Your goal:
Extract verbatim every line from the one containing "Three beverage taps" to the final line of the records below, inclusive, and exclude all pictures.
━━━━━ Entries provided ━━━━━
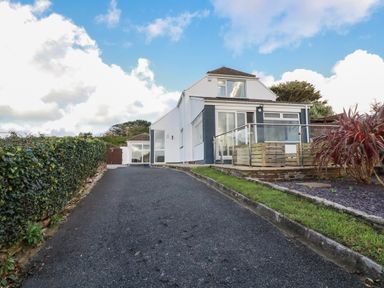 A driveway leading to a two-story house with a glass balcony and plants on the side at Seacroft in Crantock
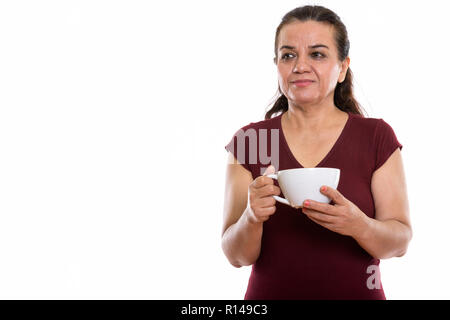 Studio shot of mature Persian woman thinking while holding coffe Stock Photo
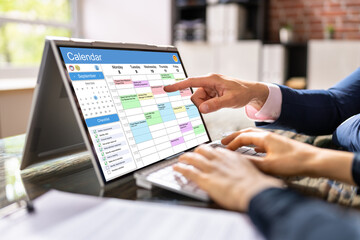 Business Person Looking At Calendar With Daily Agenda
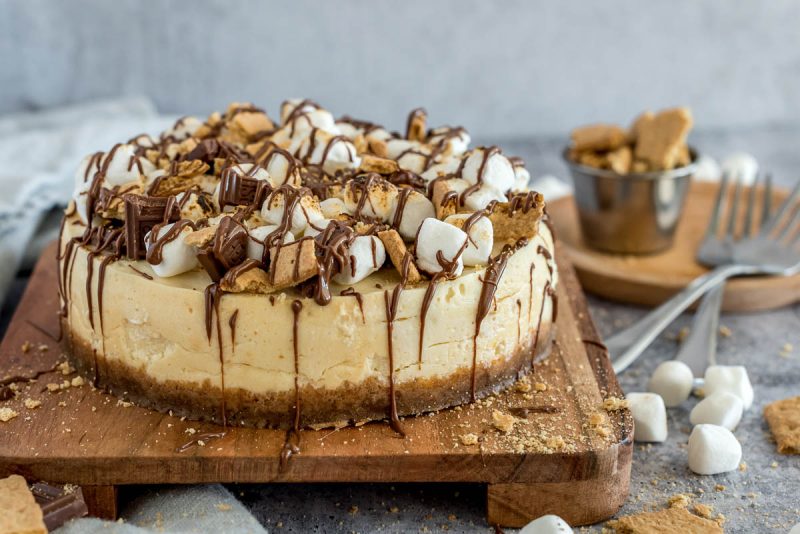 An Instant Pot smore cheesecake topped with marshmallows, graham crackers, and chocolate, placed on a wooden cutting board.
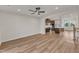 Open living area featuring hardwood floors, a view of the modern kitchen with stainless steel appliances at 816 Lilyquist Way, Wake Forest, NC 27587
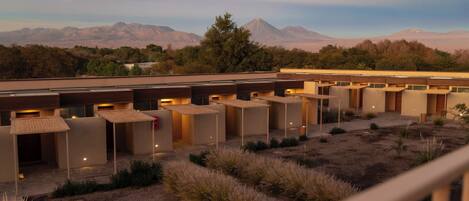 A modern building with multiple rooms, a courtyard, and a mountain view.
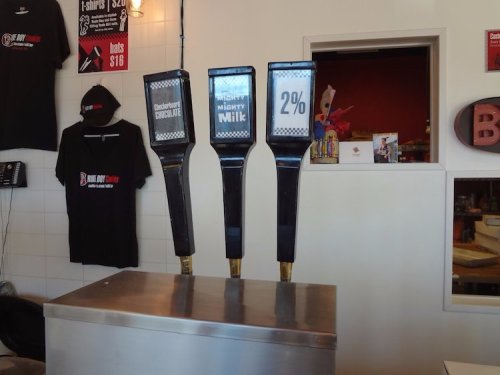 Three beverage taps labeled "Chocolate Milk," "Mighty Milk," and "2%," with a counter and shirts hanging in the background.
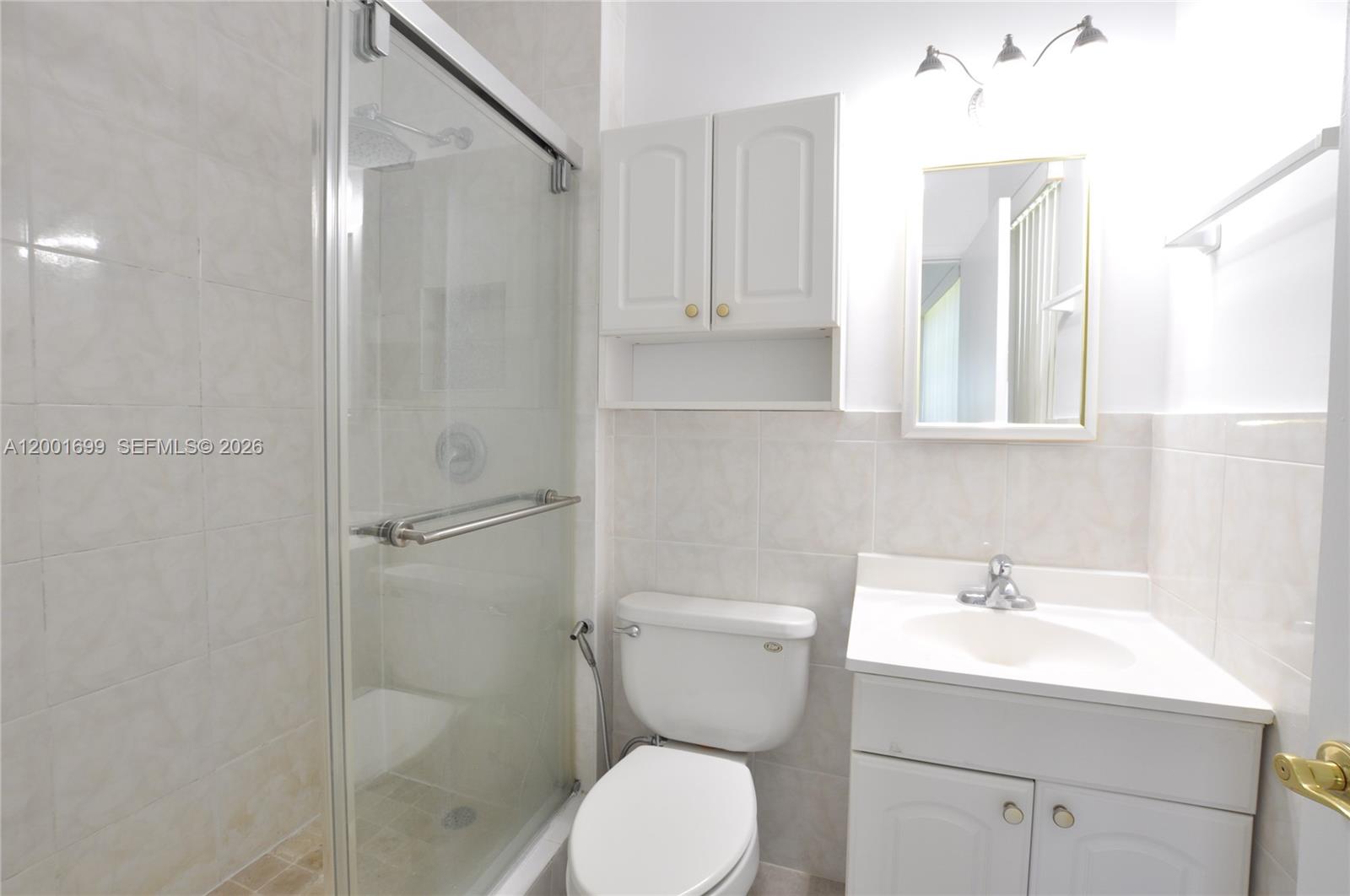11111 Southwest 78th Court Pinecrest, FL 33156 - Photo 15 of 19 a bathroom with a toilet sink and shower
━━━━━
Result:
 Three beverage taps labeled "Chocolate Milk," "Mighty Milk," and "2%," with a counter and shirts hanging in the background.
11111 Southwest 78th Court Pinecrest, FL 33156 - Photo 15 of 19 a bathroom with a toilet sink and shower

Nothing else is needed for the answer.